Thesis: Be sure you have a precisely
worded thesis in the introduction of your paper, and that each
paragraph contains clear ideas and specific examples from the
text to support the thesis.
Remember that a thesis must be more than an announcement of your
topic. For example, if you are discussing Come a Tide by George Ella Lyon, your introductory sentences will
probably identify the author, title and subject of the picture book. This
sentence might appear in an introduction but it is NOT an acceptable thesis because it contains only
obvious facts: Come a Tide by George Ella Lyon and Stephen
Gammell depicts a mountain community and family dealing with a flood. Your
thesis must state your main idea about the theme of the story or poem. This sentence would be an acceptable
thesis for this assignment: In Come a Tide, the poetic text and
colorful illustrations show that hard work, humor and togetherness can
help a mountain family and community survive hardships brought by a flood.
Another example of a thesis statement: The characters in poems 2 and 41 by
Jo Carson reveal that traditional values of sharing food and valuing
independence can conflict ironically in some situations.”
Be sure to develop your own precise thesis. Do not copy one of
these examples.
Editing: Follow the
instructions for editing and proofreading your paper on the general guidelines on literature papers. Use
spell check but use it carefully and do not expect a grammar or
spell checker to catch all your errors, since only a human can
read your sentences to make sure they have the structure you need
and you have typed the right words in the right places. Leave
yourself enough time to edit and proofread carefully after you
have composed and printed the paper. If the paper is submitted
with an excessive number of mechanical errors, I may not be able
to read it all or grade it.
Documentation: You are not required or encouraged to use
secondary sources in this paper. Your primary source is the story
or poem(s) you are discussing. If you quote directly from the text,
give the page number(s) in parentheses from the book (web sites and picture
books often have no page numbers). If you discuss a poem that
fits on one page, use line numbers instead of page numbers to
identify quotations. At the end of the paper give a complete
citation for your primary source(s), using MLA documentation style.
If you do refer to any other sources, it is your responsibility
to add complete documentation to them. If sources are misused or
documentation is incomplete, I will not be able to grade the
paper.
Be sure to read the Grading Criteria for English 207 Essays. (Even though that page is for a 200-level literature course, its list of criteria for papers is relevant to the short paper assignment in this course, and it would make a good checklist to use before turning in your papers. And it contains a reminder of the requirements mandated by the college's writing intensive program.)

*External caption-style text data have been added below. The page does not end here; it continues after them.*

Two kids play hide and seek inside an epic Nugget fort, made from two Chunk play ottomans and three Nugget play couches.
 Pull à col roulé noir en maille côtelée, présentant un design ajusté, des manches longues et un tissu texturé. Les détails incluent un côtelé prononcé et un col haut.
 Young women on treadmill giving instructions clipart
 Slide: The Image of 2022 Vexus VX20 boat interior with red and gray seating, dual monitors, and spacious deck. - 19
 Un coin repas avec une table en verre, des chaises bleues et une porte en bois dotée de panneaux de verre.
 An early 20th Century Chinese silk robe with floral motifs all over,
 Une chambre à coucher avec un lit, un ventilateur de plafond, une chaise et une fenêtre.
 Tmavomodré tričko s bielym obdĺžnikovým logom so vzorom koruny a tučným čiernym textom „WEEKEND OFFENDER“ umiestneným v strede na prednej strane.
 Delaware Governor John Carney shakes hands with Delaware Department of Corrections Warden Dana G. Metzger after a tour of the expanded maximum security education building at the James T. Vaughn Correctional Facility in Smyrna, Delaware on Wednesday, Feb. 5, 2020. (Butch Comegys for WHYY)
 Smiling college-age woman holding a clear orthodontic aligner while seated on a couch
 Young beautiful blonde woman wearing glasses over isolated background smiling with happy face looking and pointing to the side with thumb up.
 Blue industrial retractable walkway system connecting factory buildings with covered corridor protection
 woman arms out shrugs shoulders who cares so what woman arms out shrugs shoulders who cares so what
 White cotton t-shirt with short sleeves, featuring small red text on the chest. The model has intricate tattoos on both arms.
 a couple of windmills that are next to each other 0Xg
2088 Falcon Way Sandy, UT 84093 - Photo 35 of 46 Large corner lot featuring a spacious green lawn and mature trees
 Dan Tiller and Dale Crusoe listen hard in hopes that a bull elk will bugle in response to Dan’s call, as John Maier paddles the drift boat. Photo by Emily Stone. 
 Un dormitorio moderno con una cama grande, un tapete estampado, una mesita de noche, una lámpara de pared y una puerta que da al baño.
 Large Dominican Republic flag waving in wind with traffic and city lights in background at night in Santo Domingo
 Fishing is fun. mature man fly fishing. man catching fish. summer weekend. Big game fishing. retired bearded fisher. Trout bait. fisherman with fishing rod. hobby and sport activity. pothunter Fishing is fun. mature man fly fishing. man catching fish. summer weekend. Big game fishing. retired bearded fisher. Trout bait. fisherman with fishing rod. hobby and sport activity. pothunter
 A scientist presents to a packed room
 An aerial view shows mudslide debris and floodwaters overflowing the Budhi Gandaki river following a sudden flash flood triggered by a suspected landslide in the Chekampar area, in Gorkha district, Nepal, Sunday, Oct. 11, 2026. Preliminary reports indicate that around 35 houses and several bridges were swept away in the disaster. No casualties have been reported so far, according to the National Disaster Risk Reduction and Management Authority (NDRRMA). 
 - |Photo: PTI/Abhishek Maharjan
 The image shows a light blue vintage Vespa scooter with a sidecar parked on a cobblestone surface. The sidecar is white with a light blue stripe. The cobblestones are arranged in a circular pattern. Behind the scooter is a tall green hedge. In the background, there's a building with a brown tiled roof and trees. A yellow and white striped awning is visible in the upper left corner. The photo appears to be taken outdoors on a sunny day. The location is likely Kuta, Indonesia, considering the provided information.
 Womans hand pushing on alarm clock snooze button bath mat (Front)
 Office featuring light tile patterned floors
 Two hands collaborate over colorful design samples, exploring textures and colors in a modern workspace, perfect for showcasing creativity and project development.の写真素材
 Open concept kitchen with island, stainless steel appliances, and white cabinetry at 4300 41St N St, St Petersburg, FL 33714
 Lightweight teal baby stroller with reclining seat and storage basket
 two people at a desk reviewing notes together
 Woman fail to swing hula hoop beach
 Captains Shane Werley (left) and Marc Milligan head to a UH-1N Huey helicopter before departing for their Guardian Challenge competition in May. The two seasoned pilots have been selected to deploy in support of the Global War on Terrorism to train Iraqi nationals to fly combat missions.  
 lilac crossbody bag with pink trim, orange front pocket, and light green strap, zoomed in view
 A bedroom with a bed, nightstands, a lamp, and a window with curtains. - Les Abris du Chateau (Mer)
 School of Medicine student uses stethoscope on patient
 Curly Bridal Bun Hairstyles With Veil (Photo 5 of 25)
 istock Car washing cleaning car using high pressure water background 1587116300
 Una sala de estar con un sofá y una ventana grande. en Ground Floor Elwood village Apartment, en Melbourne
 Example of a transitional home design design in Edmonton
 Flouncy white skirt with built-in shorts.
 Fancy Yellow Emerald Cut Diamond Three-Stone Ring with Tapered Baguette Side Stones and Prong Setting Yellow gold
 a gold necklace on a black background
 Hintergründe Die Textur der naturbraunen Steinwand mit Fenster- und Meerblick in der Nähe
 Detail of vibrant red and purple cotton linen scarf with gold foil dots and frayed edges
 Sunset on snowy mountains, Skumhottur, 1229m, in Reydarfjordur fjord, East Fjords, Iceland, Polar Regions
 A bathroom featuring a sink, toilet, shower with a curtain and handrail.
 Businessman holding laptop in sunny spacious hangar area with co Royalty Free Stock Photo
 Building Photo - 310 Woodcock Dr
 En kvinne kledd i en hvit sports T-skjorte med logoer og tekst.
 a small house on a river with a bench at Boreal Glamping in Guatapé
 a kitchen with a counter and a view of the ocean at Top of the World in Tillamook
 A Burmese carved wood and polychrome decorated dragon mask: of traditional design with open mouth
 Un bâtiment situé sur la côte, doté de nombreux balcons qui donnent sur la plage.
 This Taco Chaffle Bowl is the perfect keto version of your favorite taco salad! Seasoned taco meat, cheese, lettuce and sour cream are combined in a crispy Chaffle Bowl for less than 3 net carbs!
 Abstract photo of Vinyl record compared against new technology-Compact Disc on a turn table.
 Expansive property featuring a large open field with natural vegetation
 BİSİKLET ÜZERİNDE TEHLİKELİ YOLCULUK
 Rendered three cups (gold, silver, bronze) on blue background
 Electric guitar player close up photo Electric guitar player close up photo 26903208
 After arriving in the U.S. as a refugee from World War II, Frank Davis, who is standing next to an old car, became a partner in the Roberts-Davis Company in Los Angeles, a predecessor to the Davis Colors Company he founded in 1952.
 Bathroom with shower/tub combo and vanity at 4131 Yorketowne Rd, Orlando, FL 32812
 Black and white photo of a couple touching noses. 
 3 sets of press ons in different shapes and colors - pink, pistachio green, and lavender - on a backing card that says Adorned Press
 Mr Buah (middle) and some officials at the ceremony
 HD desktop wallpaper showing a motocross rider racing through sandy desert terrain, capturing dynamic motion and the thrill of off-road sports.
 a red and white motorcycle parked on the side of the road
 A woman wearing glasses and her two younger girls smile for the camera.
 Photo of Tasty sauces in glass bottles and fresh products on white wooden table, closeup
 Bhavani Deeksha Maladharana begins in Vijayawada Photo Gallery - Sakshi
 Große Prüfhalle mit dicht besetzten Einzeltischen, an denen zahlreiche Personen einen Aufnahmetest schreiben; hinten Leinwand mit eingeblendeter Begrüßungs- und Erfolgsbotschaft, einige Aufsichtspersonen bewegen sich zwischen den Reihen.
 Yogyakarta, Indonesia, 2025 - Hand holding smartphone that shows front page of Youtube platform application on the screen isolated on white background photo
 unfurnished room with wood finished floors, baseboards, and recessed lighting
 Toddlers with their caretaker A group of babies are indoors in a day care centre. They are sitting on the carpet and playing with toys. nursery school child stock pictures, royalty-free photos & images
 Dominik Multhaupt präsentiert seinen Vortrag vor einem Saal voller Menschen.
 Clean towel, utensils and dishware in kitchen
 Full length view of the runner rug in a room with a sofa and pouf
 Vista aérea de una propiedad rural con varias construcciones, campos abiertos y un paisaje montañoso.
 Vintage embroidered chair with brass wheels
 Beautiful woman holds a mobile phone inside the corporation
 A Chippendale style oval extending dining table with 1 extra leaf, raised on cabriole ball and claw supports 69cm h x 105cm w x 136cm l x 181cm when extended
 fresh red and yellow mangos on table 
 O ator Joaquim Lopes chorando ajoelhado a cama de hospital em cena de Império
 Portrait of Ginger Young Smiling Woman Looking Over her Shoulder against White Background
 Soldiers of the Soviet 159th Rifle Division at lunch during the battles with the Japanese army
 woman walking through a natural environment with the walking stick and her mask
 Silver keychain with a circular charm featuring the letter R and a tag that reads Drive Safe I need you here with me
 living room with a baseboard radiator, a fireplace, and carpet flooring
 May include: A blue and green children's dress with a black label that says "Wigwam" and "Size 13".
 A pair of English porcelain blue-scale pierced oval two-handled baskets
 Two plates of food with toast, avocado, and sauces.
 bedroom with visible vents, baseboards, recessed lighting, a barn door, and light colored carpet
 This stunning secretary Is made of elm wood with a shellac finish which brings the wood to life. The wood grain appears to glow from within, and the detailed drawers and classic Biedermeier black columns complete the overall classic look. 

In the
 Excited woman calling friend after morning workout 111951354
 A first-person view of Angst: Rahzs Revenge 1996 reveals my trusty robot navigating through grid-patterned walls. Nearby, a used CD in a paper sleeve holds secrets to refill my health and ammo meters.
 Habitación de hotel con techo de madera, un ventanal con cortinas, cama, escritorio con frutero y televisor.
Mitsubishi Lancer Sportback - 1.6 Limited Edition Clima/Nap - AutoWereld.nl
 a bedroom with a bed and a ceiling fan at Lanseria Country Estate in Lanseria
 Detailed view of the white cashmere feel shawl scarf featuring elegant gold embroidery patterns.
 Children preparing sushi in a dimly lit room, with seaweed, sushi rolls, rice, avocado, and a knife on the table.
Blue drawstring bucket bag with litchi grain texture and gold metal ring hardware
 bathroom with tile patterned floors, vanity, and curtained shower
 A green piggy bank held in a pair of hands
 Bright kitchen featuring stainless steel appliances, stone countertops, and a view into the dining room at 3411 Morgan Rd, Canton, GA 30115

Don't turn in your paper without revising and editing it, asking yourself the following questions:
Where is the thesis? Is it a clear, specific main idea that I can prove thoroughly in a paper of this length?
Does every paragraph have a main idea that supports the thesis?
Does every detail in the paper support the thesis? Is the main idea the same from beginning to end?
Do the introduction and conclusion have consistent observations about the works of literature the paper discusses?
Are any quotations handled accurately with all needed documentation for quotations or other material from outside sources? Is there a Works Cited list in MLA format?
Have I corrected all errors in sentence structure and mechanics? Will every word and every sentence and mark of punctuation make sense to someone reading this paper?